Every movement begins with a moment.
This year’s SXSW Interactive, as a microcosm of what’s occurring in the tech world at large, was full of stunning insights into cutting-edge technological advances and ideas. It was also full of Moxie. So we asked our experts to weigh in on all the exciting and emerging trends they saw in Austin.
Director of Analytics
More Data = Less Privacy
Practically every SXSW session I attended included several quips about the NSA and numerous admonitions to developers regarding the collection of consumer data. So pull out your tin foil hats and head for the basement, because location-based data can be collected passively. Don’t believe me? Download the application “Creepy,” which stalks Twitter, Foursquare and Flickr users by aggregating GPS data. As Lifehacker puts it, “If you've ever doubted how much anyone could track you based on information embedded in geolocation services like Foursquare, Twitter and Flickr, free app Creepy will show you by aggregating GPS coordinates for any user, pointing out their most frequented hangouts on a map.”

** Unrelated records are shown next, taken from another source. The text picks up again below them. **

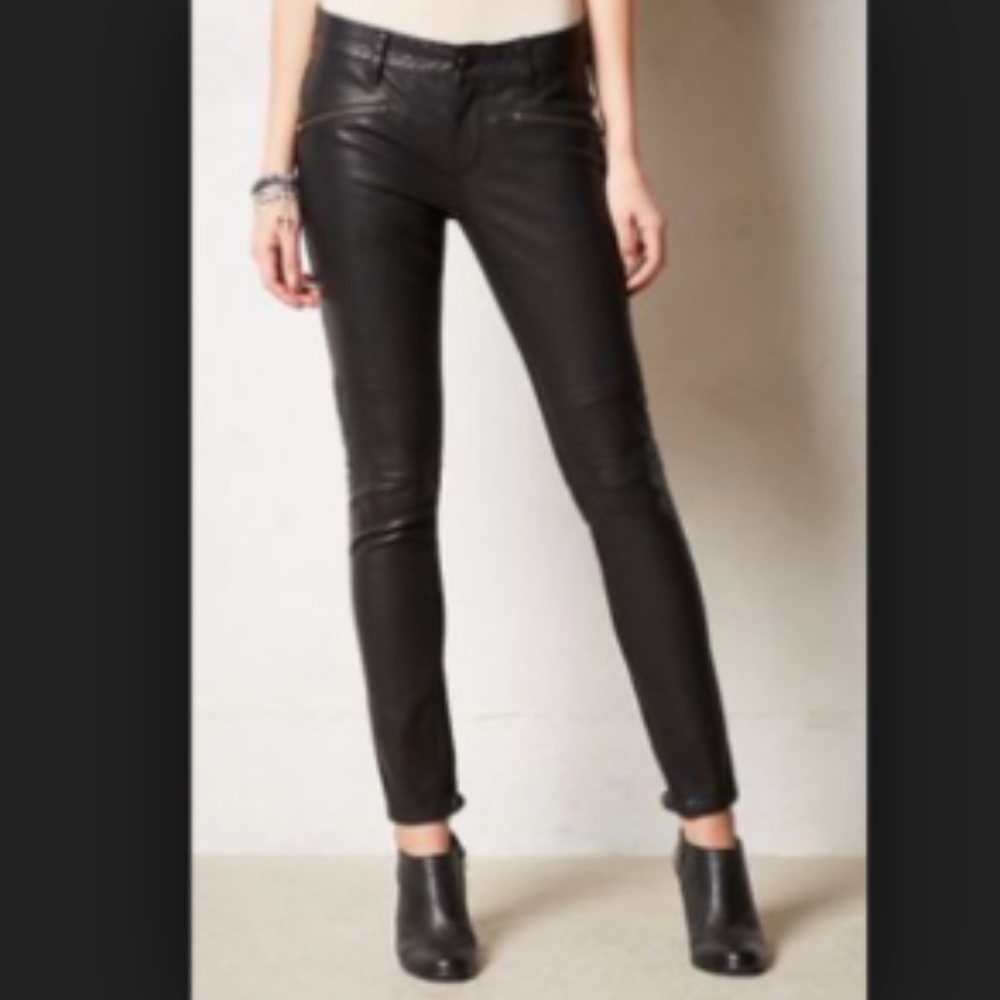 Anthropologie Faux Leather Pants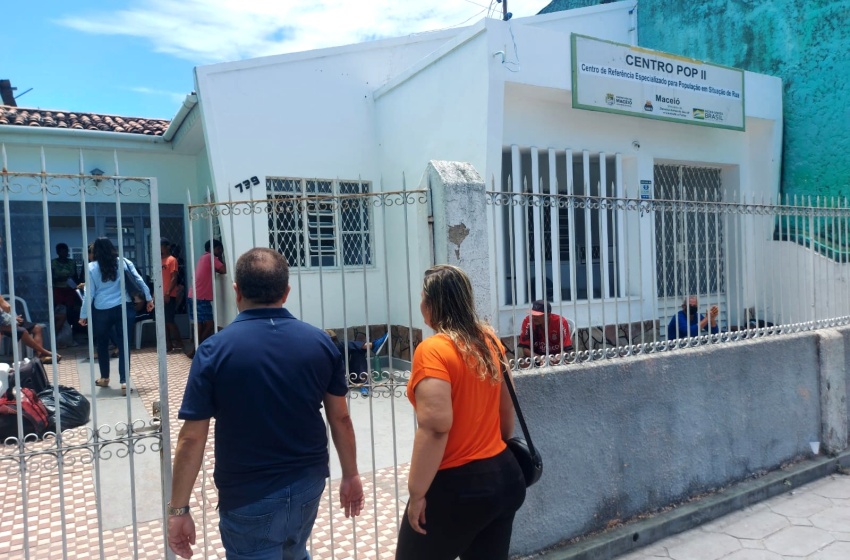 Secretário Claydson Moura visita equipamentos da Assistência Social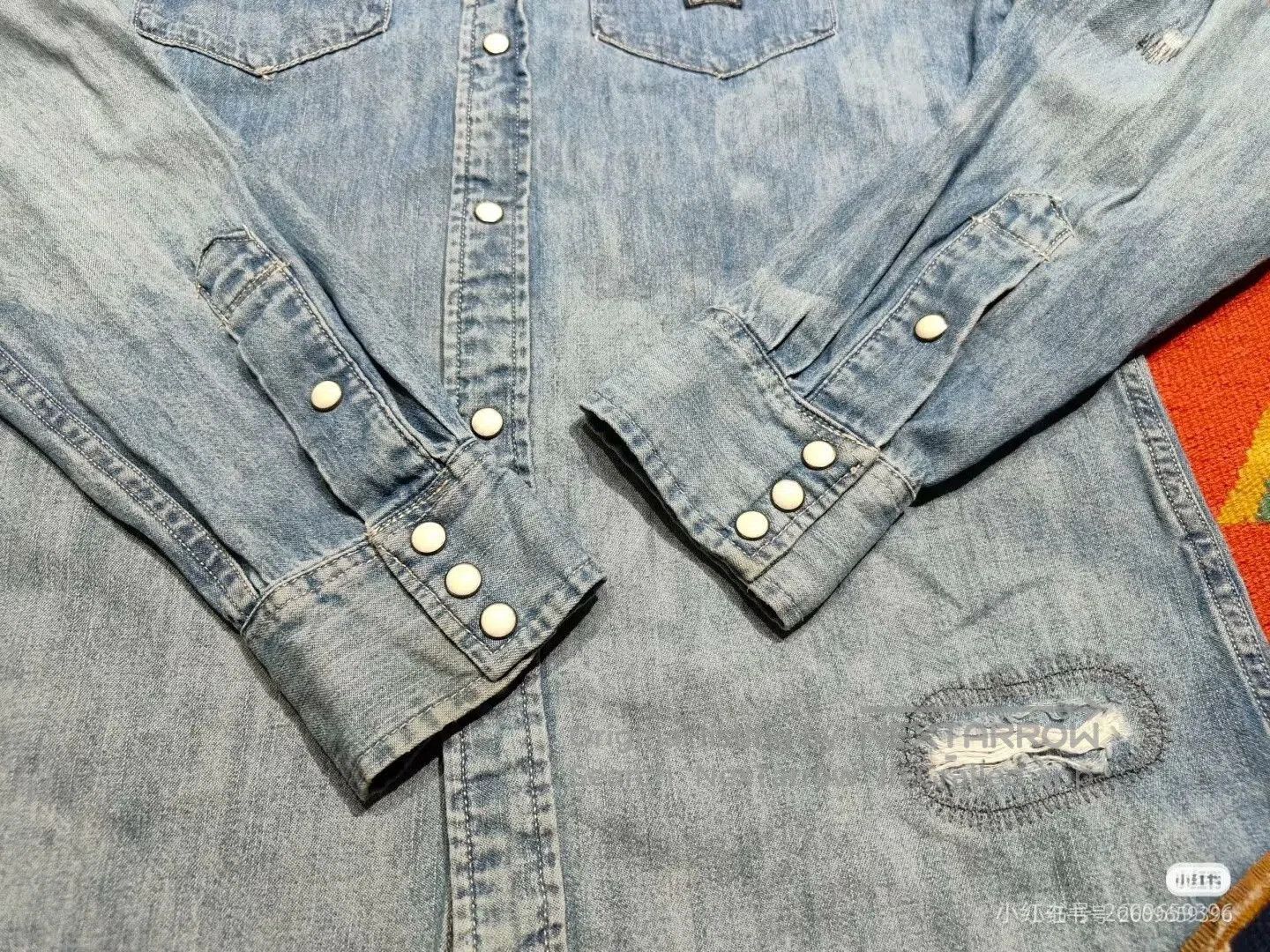 RRL Ralph Lauren Ralph Lauren RRL Vintage Denim Shirt. Size US M / EU 48-50 / 2 - 4 Thumbnail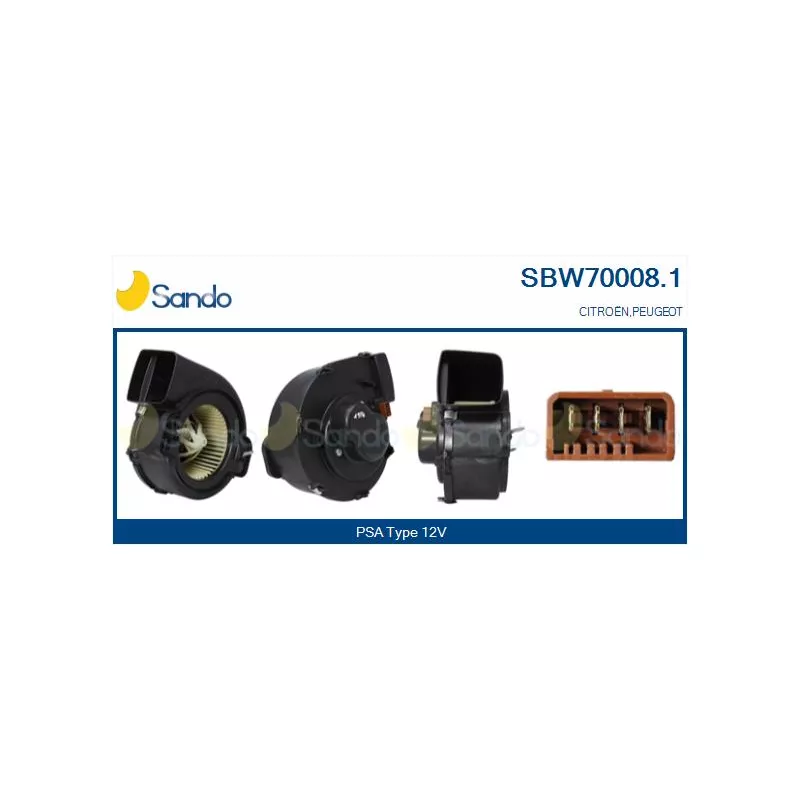 Pulseur d'air habitacle SANDO SBW70008.1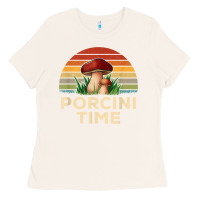 Bone vintage sunset porcini mushroom hunting boletus edulis t shirt Ladies Tee - Craftify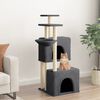 vidaXL Cat Tree with Sisal Scratching Posts Dark Grey 122 cm
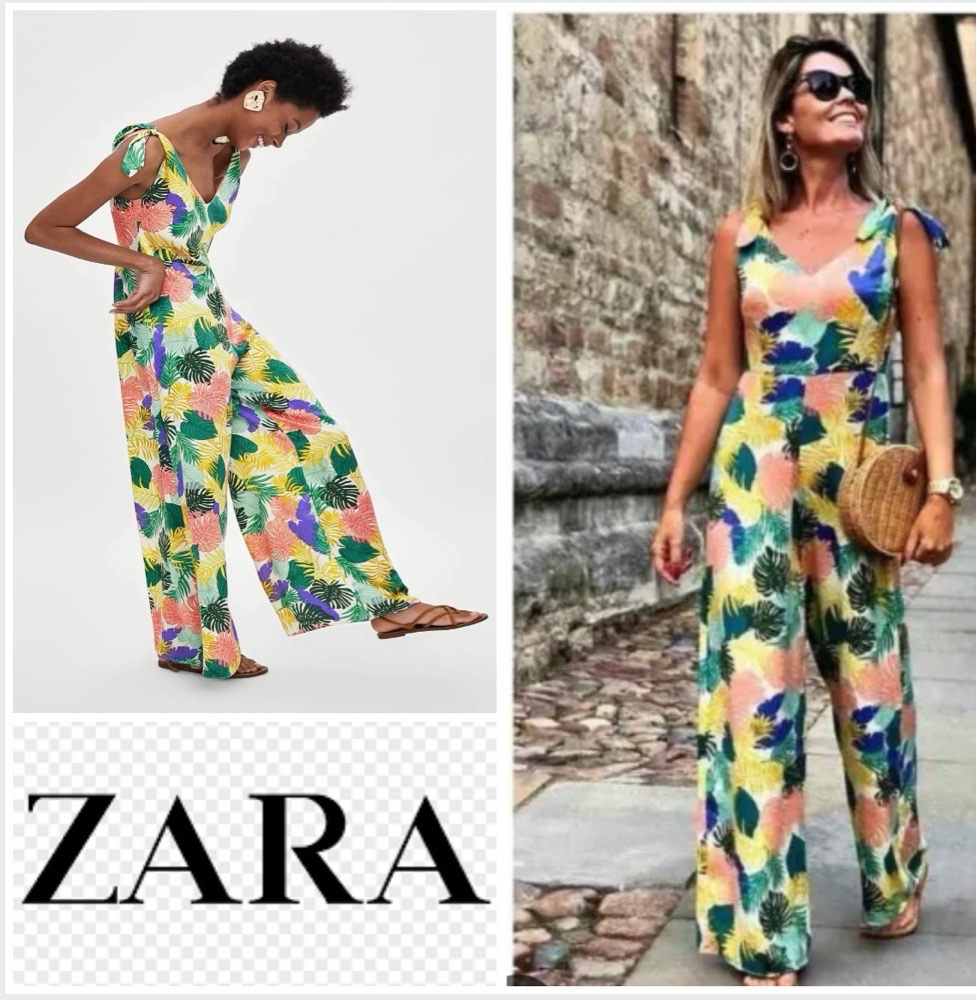 Combinaison zara tissu satine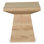 Incus 24" Side Table in Natural Oak
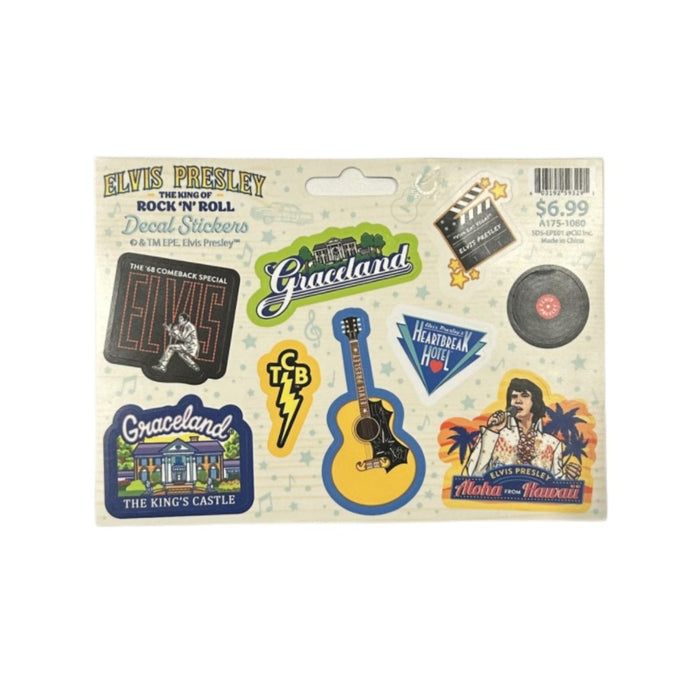 Elvis Presley King of Rock 'N Roll Sticker Set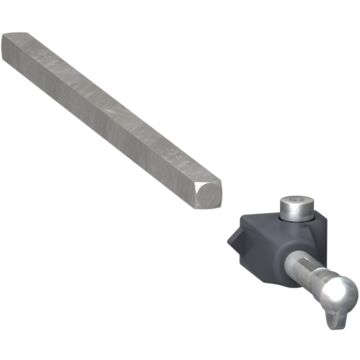 Eje largo para mango giratorio, bastidor de tesys deca 2/3, tesys ulta, longitud 315 mm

If that’s not enough to make a “Minority Report” reality seem not-too-distant, both Julian Assange and Glenn Greenwald hosted sessions with a speaker whose celebrity led SXSW attendees to wait hours in line and pack six ballrooms to capacity. That speaker? Edward Snowden — via Keynote, from Russia. Virtually.
Associate Media Director
For Media/Advertising, the Buzzword Was Content
As stated in the panel “Entertainment Marketing in the Age of the Superfan,” “It’s not brand marketing anymore; it’s content marketing.” Today’s media world is extremely cluttered, and “marketing” messaging is eschewed by today’s youth. So allow them to be your ambassadors. Give them content and observe what happens — learn why they share what they share. Equipped with these insights, you can get your content in front of the right people.
Sr. Art Director
The Digitally Connected Human
For me, the theme that permeated Austin was the drive to make humans as digitally connected as possible. By that I mean using data and devices to digitally connect us to our world, our clothing and even our own bodies. Wearable technology, or “wearables,” continues to be a big area of focus, and we are starting to see consumer-ready technology with implications in a wide range of areas: lifestyle, health and sports — just to name a few. And while the tech part is cool (I mean really cool), the data that will come from all of this technology is even more important. How will we collect it, keep it safe and use it? As marketers, it will be key to tap into this information in a way that is helpful to our consumers without being invasive.
Director, Social Media
The “Scandal” Effect
I sat in on Culturalist’s panel, "Beyond Likes: What I Love and Hate and Why You Care." In this session, Jordan Roth and Anna Deavere Smith talked about the top 10 ways to go beyond Facebook likes to create true engagement. One of the topics on the list was “Scandal.” The popular ABC TV drama has fully embraced Twitter and engaged with the audience. While the actors themselves take to Twitter to interact with fans, the real win is that the show has integrated on-screen hashtags — cues for engagement baked right into the work. Not second screen but first screen. The true beauty is that you don't have to watch the show to get it. But you want to. You want to be part of the whole experience. The show’s content, including its jokes, works for Twitter. Through Twitter, the audience is creating content for the audience. As the Buggles once sung, “Video Killed the Radio Star.” But in some ways, Twitter is saving TV. Could there be a completely tweeted experience — half improvised, half scripted? One where the audience is the co-creator? We've been handed the microphone via social, my friends. It's time to take the stage.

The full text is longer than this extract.